Last year, the major trends in HPC equipment included an emphasis by systems vendors on equipment integration and, naturally, the availability of increasingly more processing power in more densely packed form factors.
On the server side of things, Microways Navion-8, an eight-way SMP system that can support up to eight AMD Opteron 800 Series processors and up to 128 GB of memory, is typical of the incredible processing power that can be packed into a rack-mounted single server.
When it comes to desktop systems, dual-processor units from virtually all the systems vendors deliver processing power that, a few years ago, would classify these systems as workstations.

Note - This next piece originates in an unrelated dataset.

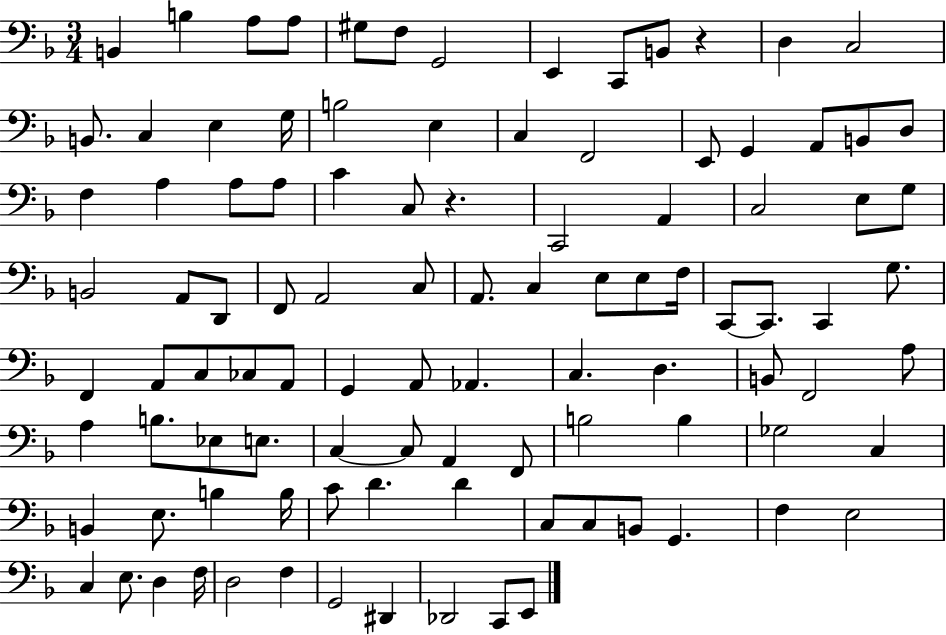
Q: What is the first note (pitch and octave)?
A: B2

On the application support side of things, new systems designed specifically to deal with the computing requirements for visualization started to emerge. These systems took advantage of the increasingly more powerful graphics processing units (GPUs) that became available in 2004. Many of the new systems aimed at visualization applications also leveraged the 64-bit processors' ability to support very large data sets. Most of the products introduced in this arena were desktop systems. However, some systems, such as SGI's new Prism line, offered a modular architecture that could scale to support thousands of processors and very large amounts of memory.
In a different type of application, Orion Multisystems introduced 12- and 96-node workstations that essentially are desktop and desk-side clusters. The systems use tightly integrated, low-power-consumption processors to give researchers the computational power of a cluster that is easy to operate and manage. These systems can be used as a normal cluster, but one use envisioned for these products is as an application development tool for researchers that would let them test a clustered algorithm before running it on an operational or production cluster.
These products were just the tip of the iceberg. What follows is a compilation of the major life science HPC trends for 2004.
In a continuing trend from 2003, 2004 saw most systems vendors offering pre-configured systems of all sizes that tried to make it easier to use an HPC cluster. Vendors including HP, IBM, Sun Microsystems, SGI, Dell, Linux Networx, Microway, and Appro all offered systems that included the server hardware, pre-installed operation system software, and in many cases a slew of open source informatics algorithms.
The offerings ranged from 1000-node systems for large research organizations to smaller systems for small labs. One interesting 2004 trend was that the systems vendors put a lot of effort into making the lower end of their product lines easier to install, administer, and manage.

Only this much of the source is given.